SP: Aproximação com Lula deixa antigos aliados de Alckmin 'órfãos'
Possível aliança com petista tem levado a realinhamento de lideranças no Vale do Paraíba, reduto do ex-governador
A expressão "tudo que é sólido se desmancha no ar", imortalizada no Manifesto Comunista como uma crítica de Marx e Engels ao capitalismo e posteriormente usada por Marshall Berman como título de um ensaio sobre a pós-modernidade, certamente pode ser usada para retratar a situação política atual na cidade de Pindamonhangaba, a 160 quilômetros de São Paulo.
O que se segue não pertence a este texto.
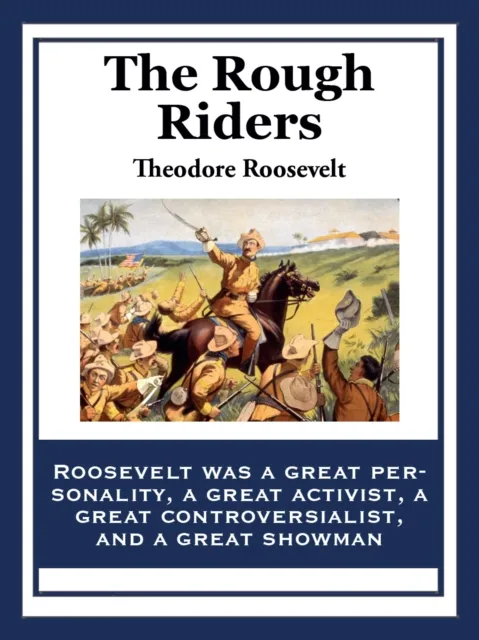 Rough Riders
Ali, a ideia da chapa presidencial Lula-Alckmin provocou surpresa e um realinhamento de lideranças políticas regionais. Isso porque Alckmin nasceu, cresceu e iniciou carreira política no município, que nunca elegeu prefeitos de esquerda.
Inicialmente, os rumores de uma aliança do ex-governador com Lula foram tidas por prefeitos do Vale do Paraíba como boataria. De lá para cá, o rumor virou fato e Alckmin comunicou pessoalmente a interlocutores na região que está decidido a compor com Lula, o que movimenta os bastidores políticos locais.
Filho da cidade
João Bosco Nogueira (MDB), de 80 anos, prefeito de Pindamonhangaba por dois mandatos (1973-1976 e 1983-1988) e vice-prefeito em outro (2005-2008), diz ter sido um dos responsáveis por iniciar a carreira política de Alckmin, eleito vereador aos 19 anos, em 1972. Quatro anos mais tarde, Alckmin se elegeu prefeito com o apoio de Bosco.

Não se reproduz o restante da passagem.